The fact that the citizen of the Philippines or of the United States charged with a violation of this Act had, at the time of the acquisition of his holdings in the corporations or associations referred to in section two of this Act, no real or personal property, credit or other assets the value of which shall at least be equivalent to said holdings shall be admissible as circumstantial evidence of a violation of this Act.
SEC. 2. In all cases in which a constitutional or legal provision requires that, in order that a corporation or association may exercise or enjoy a right, franchise or privilege, not less than a certain per centum of its capital must be owned by citizens of the Philippines or the United States, or both, it shall be unlawful to falsely simulate the existence of such minimum of stock or capital as owned by such citizens of the Philippines or the United States or both, for the purpose of evading said provision. The president or manager and directors or trustees of corporations or associations convicted of a violation of this section shall be punished by imprisonment for not less than two nor more than ten years, and by a fine of not less than two thousand nor more than ten thousand pesos.
SEC. 3. Any corporation or association violating any of the provisions of this Act shall, upon proper court proceedings, be dissolved.
Commonwealth Act No. 421, approved on May 31, 1939, amended Commonwealth Act No. 108 by inserting the following Section 2-A and Section 2-B:
SEC. 2-A. Any person, corporation or association which, having in its name or under its control, a right, franchise, privilege, property or business, the exercise or enjoyment of which is expressly reserved by the Constitution or the laws of Philippines to citizens of the Philippines or of the United States, or to corporations or associations at least sixty percentum of the capital of which is owned by such Citizens, permits or all the use, exploitation or enjoyment thereof by a person, corporation or association not possessing the requisites prescribed by the Constitution or the laws of the Philippines; or leases, or in any other way transfer or conveys said right, franchise privilege, property or business to a person, corporation or association not otherwise qualified under the Constitution, or provision of the existing Acts, and any person who knowingly aids, assists, or abets in the planning, consummation or perpetration of any of the acts herein above enumerated, shall be punished by imprisonment for not less than two nor more than ten years, and by a fine of not less than two thousand nor more than ten thousand pesos: Provided, however, That presidents, managers, or persons in charge of corporations, associations, partnerships violating the provisions of this section shall criminally liable in lieu thereof.
SEC 2-B. Any violation of the provisions of this by the spouse of any public official, if both live together, shall be cause for the dismissal of such public official.
And Republic Act No. 134, approved on June 14, 1947, further amended Sections 1, 2 and 2-A of Commonwealth Act No. 108 and inserted Section 3-A therein.

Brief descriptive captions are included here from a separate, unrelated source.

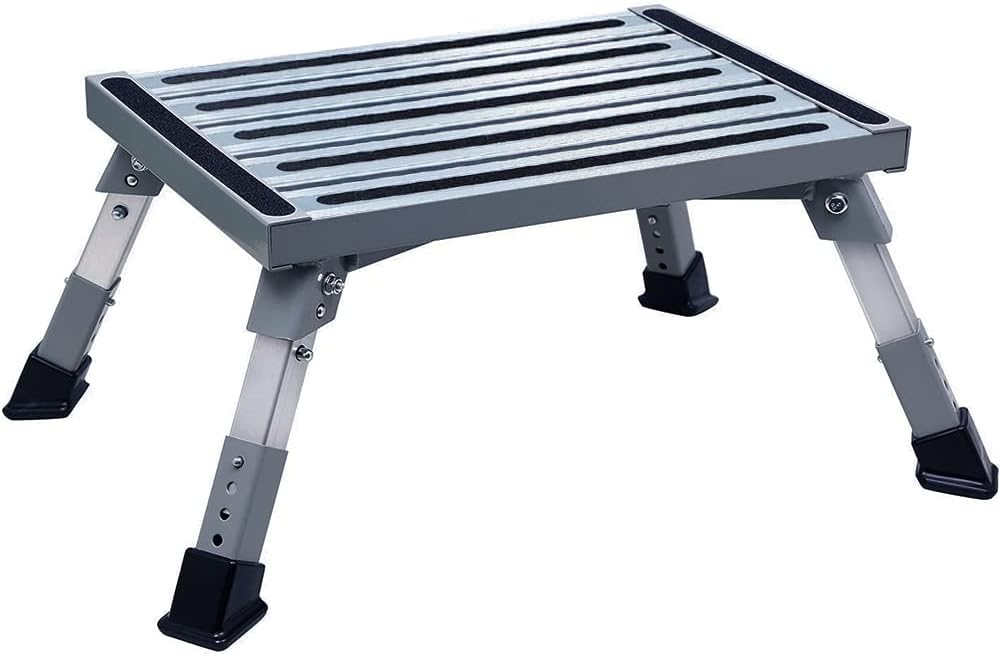 Aluminum Folding Step Stool with Reflective Stripes Non-Slip Rubber Feet H597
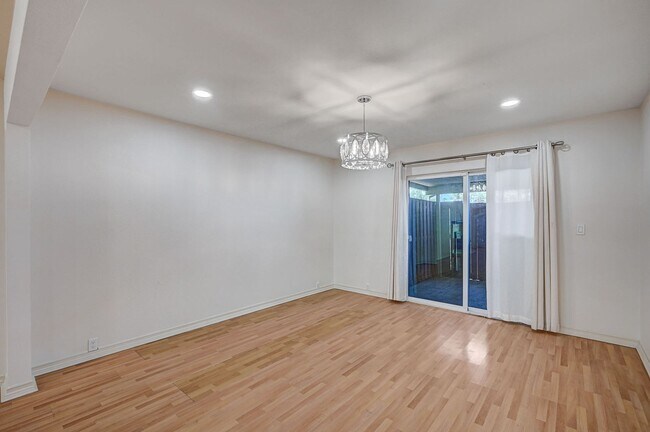 Building Photo - Beautiful 2 Bedroom Townhome in Guard-Gated Community – Prime Location!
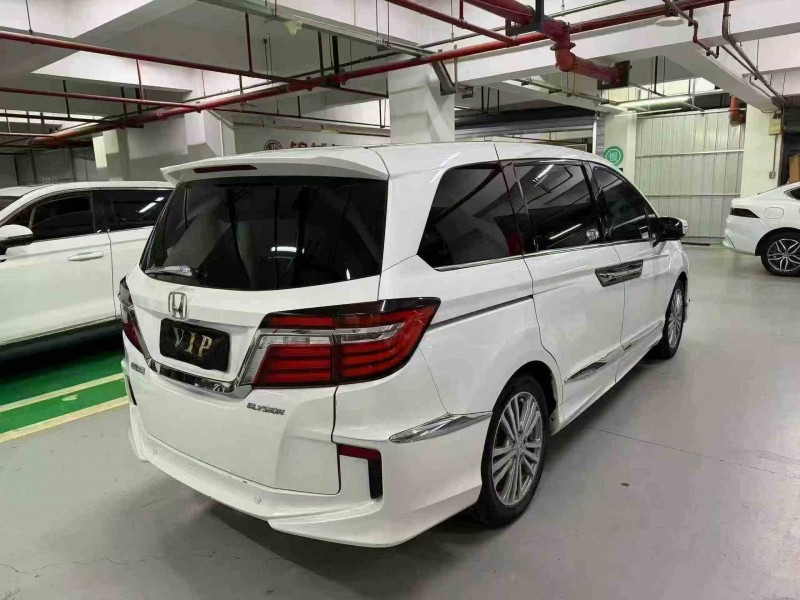 泸州18年本田艾力绅8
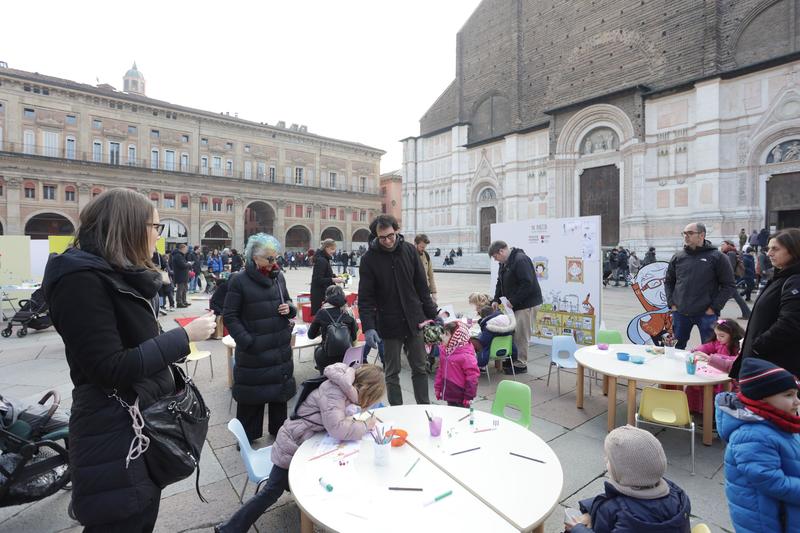 Il laboratorio in piazza Maggiore: così Bologna ricorda Marino Golinelli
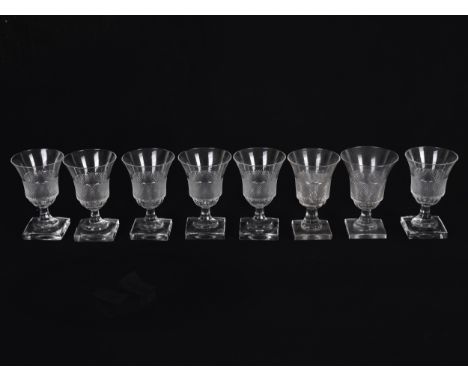 8 LikörgläserAusführung LobmeyrHöhe 9 cm, Durchmesser 5,5 cm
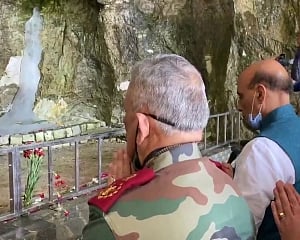 Rajnath Singh offers prayers at Amarnath cave shrine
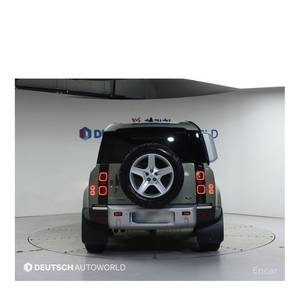 Land Rover Defender 110 D240 SE Modelo Diciembre 2020 con 83,354 km, Caja de Cambios Automática, Volante a la Izquierda, Combustible Diésel - Product Image 4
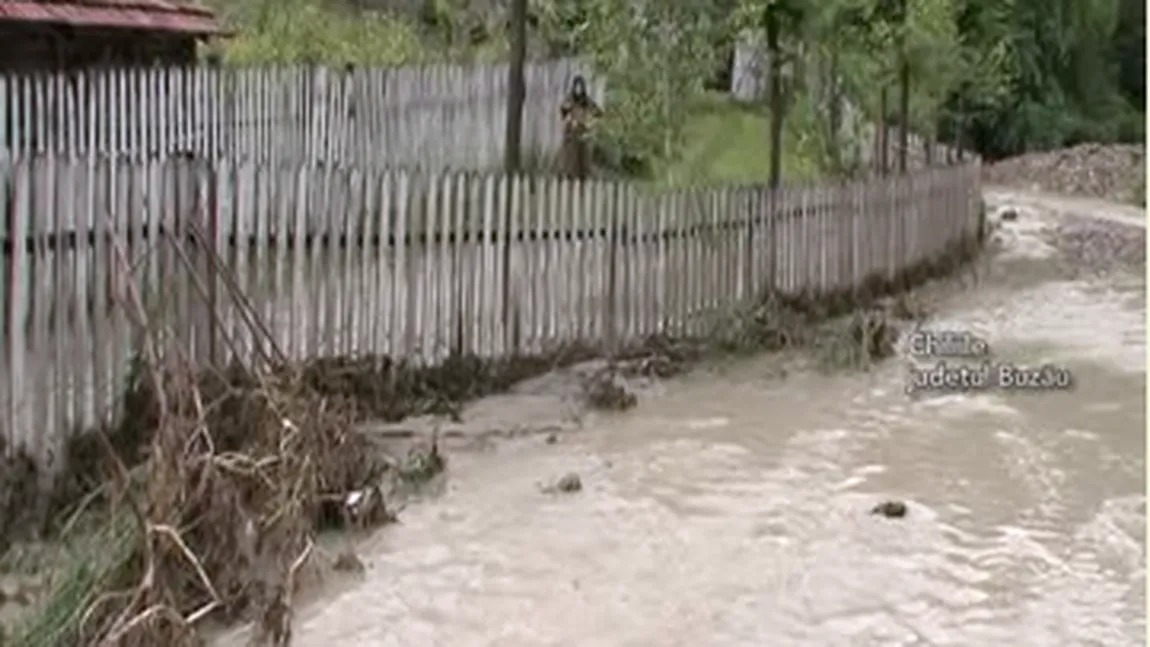 Furtunile violente au făcut RAVAGII în ţară: case inundate, oameni evacuaţi şi sate izolate VIDEO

SECTION 1. In all cases in which any constitutional or legal provision requires Philippine or any other specific citizenship as a requisite for the exercise or enjoyment of a franchise or privilege, any citizen of the Philippines or of any other specific country who allows his name or citizenship to used for the purpose of evading such provision, and any alien or foreigner profiting thereby, shall be punished by imprisonment for not less than five nor more than fifteen years, and a fine of not less than the value of the right, franchise or privilege, which is enjoyed or acquired in violation of the provisions hereof but in no case less than five thousand pesos.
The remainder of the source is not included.